◆ Records provided ◆
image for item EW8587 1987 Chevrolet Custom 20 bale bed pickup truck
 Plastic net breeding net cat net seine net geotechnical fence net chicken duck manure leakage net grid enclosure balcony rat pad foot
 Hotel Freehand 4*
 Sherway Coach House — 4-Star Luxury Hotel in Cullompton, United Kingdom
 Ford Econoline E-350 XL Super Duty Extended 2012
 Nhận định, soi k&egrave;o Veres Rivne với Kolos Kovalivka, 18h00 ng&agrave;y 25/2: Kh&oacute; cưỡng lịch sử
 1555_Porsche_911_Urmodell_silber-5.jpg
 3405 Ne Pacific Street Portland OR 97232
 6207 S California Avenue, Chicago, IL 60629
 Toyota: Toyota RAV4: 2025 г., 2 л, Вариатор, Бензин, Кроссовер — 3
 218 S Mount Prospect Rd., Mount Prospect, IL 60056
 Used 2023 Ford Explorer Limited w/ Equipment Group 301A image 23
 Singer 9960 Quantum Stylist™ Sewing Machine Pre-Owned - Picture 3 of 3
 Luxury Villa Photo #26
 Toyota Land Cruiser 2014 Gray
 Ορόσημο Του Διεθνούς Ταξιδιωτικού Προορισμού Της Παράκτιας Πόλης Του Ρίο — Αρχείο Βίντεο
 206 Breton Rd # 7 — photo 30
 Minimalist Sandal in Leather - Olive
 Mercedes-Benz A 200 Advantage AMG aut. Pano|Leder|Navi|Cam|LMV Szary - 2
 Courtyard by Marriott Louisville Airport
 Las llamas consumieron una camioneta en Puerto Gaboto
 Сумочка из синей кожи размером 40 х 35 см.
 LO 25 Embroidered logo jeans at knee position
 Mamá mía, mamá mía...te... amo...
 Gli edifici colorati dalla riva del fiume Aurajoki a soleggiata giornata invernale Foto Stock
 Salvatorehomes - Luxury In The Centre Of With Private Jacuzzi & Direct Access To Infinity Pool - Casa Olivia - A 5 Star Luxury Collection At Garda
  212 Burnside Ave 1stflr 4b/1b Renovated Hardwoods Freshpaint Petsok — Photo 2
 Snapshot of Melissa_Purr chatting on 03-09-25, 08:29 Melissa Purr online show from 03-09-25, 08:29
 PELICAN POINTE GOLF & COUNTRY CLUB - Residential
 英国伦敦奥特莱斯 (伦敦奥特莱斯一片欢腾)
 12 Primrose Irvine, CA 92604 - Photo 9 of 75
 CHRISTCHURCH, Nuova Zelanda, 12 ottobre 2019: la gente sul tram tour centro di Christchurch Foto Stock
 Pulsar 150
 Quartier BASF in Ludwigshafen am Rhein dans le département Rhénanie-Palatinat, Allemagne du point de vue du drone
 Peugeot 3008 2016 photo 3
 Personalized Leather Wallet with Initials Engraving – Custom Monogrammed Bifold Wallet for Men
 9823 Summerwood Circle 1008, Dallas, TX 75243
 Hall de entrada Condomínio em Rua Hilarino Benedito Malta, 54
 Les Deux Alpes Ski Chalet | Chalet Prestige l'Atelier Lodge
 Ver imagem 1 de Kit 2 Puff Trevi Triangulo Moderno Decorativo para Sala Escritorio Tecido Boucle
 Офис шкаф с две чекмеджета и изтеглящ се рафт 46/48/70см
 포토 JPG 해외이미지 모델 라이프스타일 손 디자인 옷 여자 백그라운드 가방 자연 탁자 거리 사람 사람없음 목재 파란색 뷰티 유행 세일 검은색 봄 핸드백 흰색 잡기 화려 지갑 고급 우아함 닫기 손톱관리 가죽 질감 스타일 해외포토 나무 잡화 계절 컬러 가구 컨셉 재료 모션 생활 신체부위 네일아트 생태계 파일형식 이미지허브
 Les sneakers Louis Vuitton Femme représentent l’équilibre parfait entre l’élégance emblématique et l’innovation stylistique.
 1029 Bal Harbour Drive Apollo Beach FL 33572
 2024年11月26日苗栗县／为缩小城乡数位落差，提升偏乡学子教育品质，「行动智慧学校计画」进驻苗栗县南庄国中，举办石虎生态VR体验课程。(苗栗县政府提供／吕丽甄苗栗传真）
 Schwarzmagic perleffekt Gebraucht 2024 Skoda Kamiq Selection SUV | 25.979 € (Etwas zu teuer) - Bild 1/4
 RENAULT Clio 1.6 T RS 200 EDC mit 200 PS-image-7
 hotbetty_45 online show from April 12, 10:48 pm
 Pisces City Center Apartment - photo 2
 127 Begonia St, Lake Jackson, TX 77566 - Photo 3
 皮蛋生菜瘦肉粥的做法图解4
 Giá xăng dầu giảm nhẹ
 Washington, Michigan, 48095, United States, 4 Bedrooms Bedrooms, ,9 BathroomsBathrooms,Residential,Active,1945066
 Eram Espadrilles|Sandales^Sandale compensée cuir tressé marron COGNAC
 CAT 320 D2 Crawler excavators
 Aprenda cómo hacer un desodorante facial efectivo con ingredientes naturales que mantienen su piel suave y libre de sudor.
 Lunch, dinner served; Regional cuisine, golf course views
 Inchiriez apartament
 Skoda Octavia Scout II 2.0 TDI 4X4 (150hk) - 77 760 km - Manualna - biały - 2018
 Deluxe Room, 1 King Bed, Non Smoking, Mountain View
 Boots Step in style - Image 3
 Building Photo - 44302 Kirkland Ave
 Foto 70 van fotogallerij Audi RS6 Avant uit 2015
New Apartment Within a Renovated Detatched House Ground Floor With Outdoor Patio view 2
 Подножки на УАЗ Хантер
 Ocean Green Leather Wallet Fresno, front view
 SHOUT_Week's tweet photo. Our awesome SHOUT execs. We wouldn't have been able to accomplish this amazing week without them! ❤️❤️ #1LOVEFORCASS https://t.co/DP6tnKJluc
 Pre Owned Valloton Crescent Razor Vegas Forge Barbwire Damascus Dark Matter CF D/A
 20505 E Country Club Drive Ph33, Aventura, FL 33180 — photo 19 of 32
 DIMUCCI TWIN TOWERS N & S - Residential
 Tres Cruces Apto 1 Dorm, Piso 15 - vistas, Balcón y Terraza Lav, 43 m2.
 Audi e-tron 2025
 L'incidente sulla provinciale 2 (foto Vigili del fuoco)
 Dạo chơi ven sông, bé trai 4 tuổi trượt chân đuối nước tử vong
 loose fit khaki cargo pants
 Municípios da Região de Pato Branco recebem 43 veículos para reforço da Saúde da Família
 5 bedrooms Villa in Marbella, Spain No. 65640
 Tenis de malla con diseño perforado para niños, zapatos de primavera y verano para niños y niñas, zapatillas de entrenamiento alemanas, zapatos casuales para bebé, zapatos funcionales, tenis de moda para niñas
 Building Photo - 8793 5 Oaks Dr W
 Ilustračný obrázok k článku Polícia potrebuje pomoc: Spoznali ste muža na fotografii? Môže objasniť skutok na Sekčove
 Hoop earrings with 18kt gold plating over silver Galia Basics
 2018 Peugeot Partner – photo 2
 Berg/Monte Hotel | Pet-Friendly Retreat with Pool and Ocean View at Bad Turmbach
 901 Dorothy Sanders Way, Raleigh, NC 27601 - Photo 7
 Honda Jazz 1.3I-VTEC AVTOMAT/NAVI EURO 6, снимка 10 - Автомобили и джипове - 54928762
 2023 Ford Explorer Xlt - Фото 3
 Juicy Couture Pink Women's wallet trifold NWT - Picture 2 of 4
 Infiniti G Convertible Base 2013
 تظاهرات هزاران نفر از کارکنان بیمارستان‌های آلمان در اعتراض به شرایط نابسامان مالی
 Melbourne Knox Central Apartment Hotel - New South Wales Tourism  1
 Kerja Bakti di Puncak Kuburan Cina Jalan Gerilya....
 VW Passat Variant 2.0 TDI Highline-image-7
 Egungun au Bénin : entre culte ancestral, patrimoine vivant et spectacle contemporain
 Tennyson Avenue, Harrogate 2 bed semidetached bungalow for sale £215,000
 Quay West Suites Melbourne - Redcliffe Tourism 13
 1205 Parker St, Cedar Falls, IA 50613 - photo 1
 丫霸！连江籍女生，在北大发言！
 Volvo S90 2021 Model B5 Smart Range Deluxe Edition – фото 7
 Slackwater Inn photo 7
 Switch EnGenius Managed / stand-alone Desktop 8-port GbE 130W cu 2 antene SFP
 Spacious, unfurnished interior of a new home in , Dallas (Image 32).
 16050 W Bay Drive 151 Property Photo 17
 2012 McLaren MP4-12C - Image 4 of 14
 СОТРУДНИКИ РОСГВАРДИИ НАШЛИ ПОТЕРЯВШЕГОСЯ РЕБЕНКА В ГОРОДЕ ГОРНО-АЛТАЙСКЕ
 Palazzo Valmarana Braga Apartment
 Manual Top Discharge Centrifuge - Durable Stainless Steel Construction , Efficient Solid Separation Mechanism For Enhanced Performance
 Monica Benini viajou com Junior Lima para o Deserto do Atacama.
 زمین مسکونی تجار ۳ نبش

◆ Exercise prompt ◆
Look in the material above for the line with "Ορόσημο Του Διεθνούς" and the line with "Salvatorehomes - Luxury", and transcribe exactly those lines and all lines between them, nothing more.

◆ Answer space ◆
 Ορόσημο Του Διεθνούς Ταξιδιωτικού Προορισμού Της Παράκτιας Πόλης Του Ρίο — Αρχείο Βίντεο
 206 Breton Rd # 7 — photo 30
 Minimalist Sandal in Leather - Olive
 Mercedes-Benz A 200 Advantage AMG aut. Pano|Leder|Navi|Cam|LMV Szary - 2
 Courtyard by Marriott Louisville Airport
 Las llamas consumieron una camioneta en Puerto Gaboto
 Сумочка из синей кожи размером 40 х 35 см.
 LO 25 Embroidered logo jeans at knee position
 Mamá mía, mamá mía...te... amo...
 Gli edifici colorati dalla riva del fiume Aurajoki a soleggiata giornata invernale Foto Stock
 Salvatorehomes - Luxury In The Centre Of With Private Jacuzzi & Direct Access To Infinity Pool - Casa Olivia - A 5 Star Luxury Collection At Garda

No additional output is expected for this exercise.